** TASK MATERIAL follows **
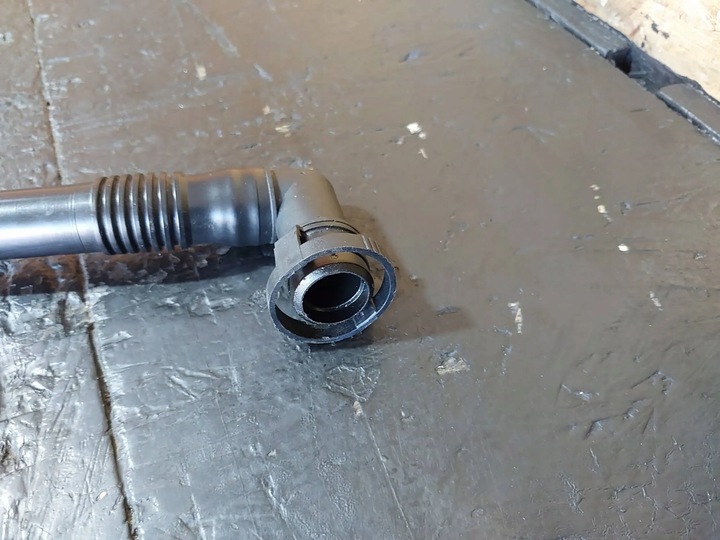 фото №7, Шланг вентиляції коробки колінчастого вала bmw 3 e46 320i m52b20tu 11611432559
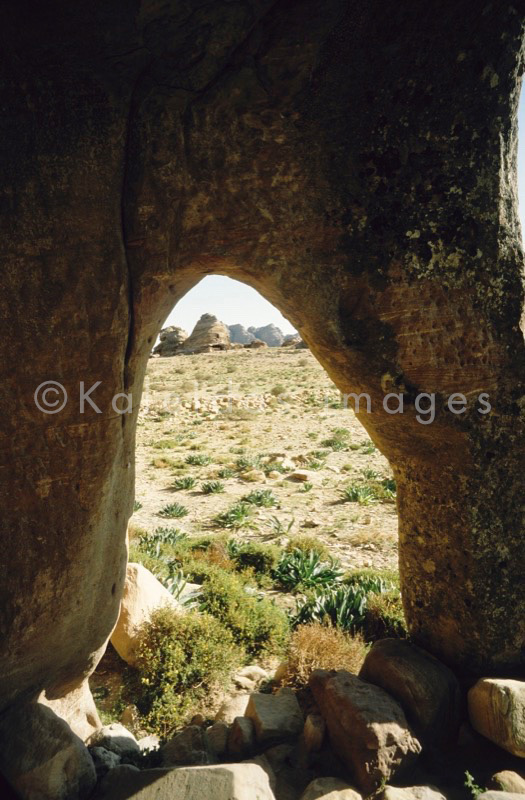 Tarek Charara;La parole à l'image;Kaleidos images;UNESCO;World Heritage;Graves;Tombs;History;Nabateans;Petra;JordanDwellings,Housing,Ruins;House of Dorotheos;Royal tombs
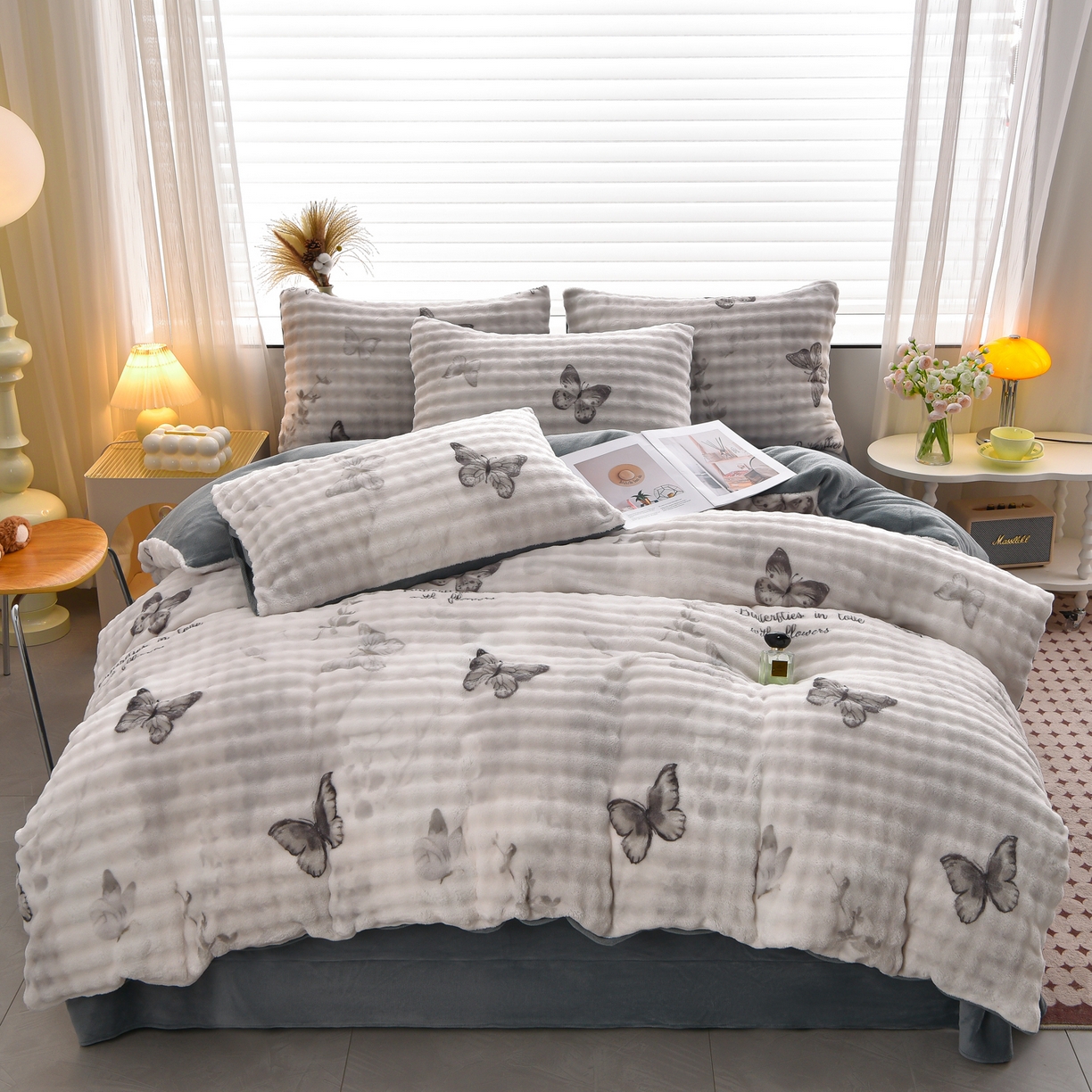 91家纺网 家纺一手货源 找家纺 苏迪网销供货 2025新款牛奶绒加厚高克重A类兔毛牛奶泡泡绒四件套 简影蝴蝶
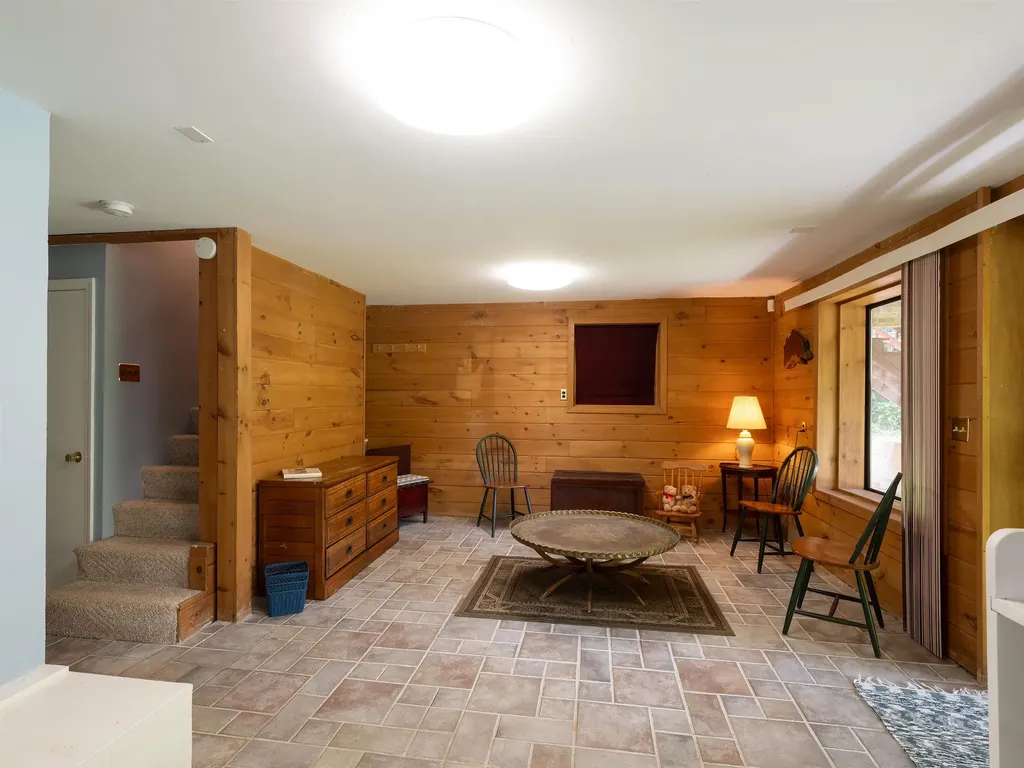 406 Tichenor Road Hartford VT 05059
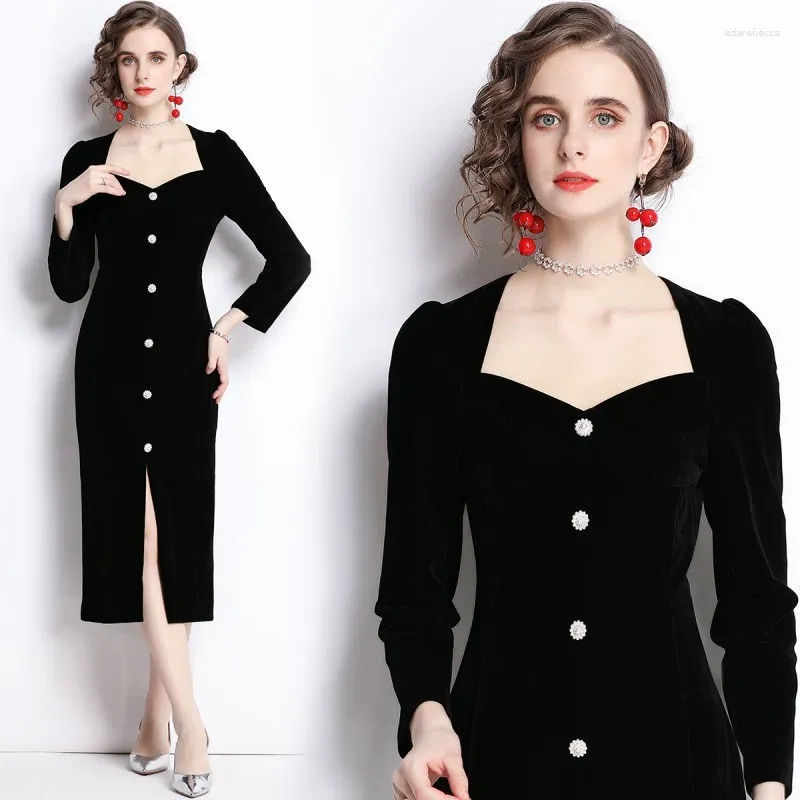 Casual Dresses Black Velvet Dress for Women in Autumn and Winter French High-End Design Sense V-Neck-knappen Split Slimming Exquis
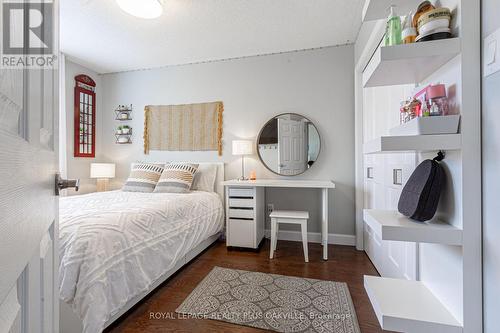 2438 Montagne Avenue, Oakville (West Oak Trails), ON - Indoor Photo Showing Bedroom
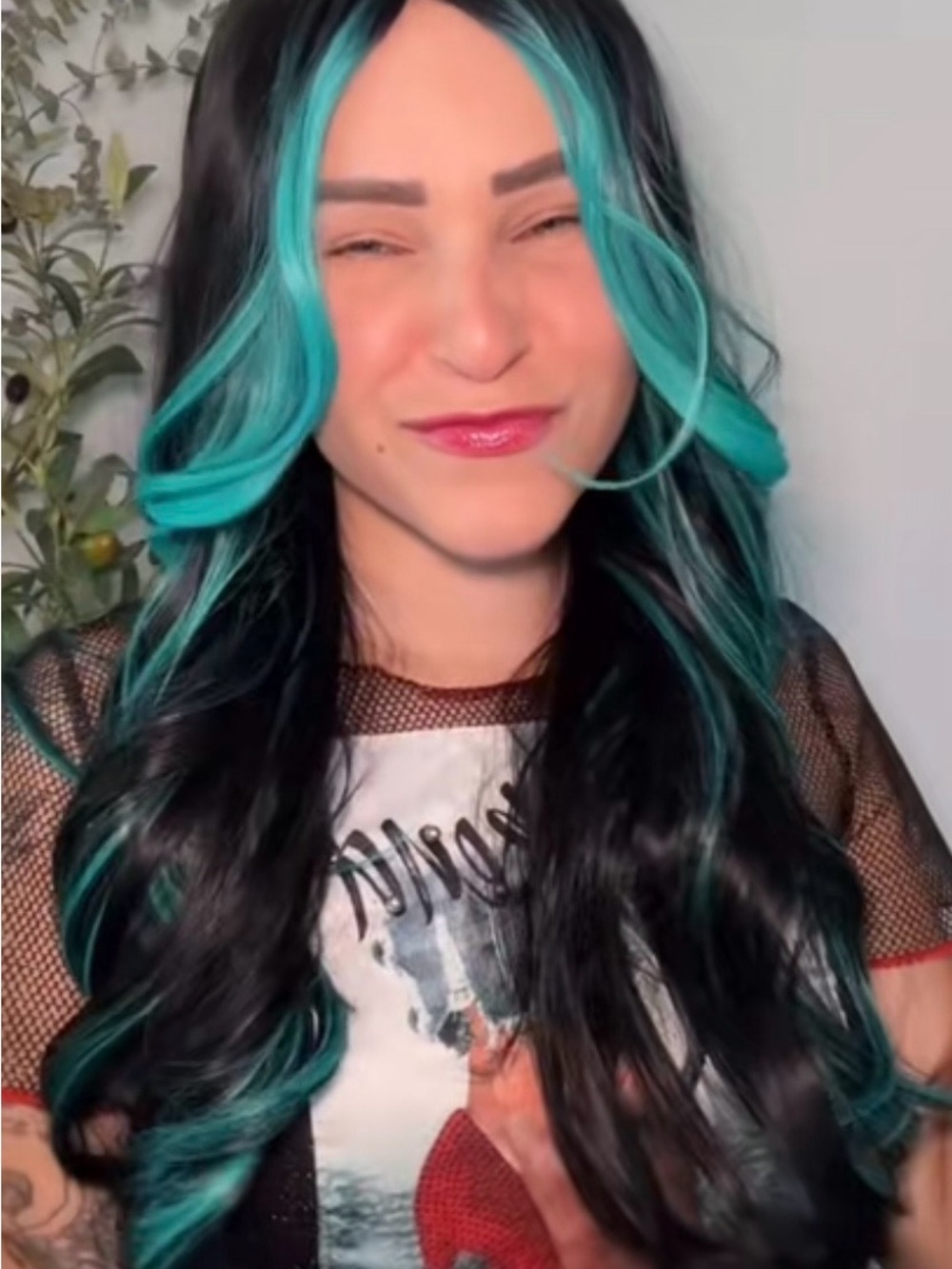 Black and Teal Long Wavy Women’s Hair Extension Wig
** End of TASK MATERIAL **
Starting at the line that contains "2438 Montagne Avenue, Oakville" and ending at the final line of the data, reproduce each line exactly. Pictures stay out of the copy.

=== EXPECTED OUTPUT ===
 2438 Montagne Avenue, Oakville (West Oak Trails), ON - Indoor Photo Showing Bedroom
 Black and Teal Long Wavy Women’s Hair Extension Wig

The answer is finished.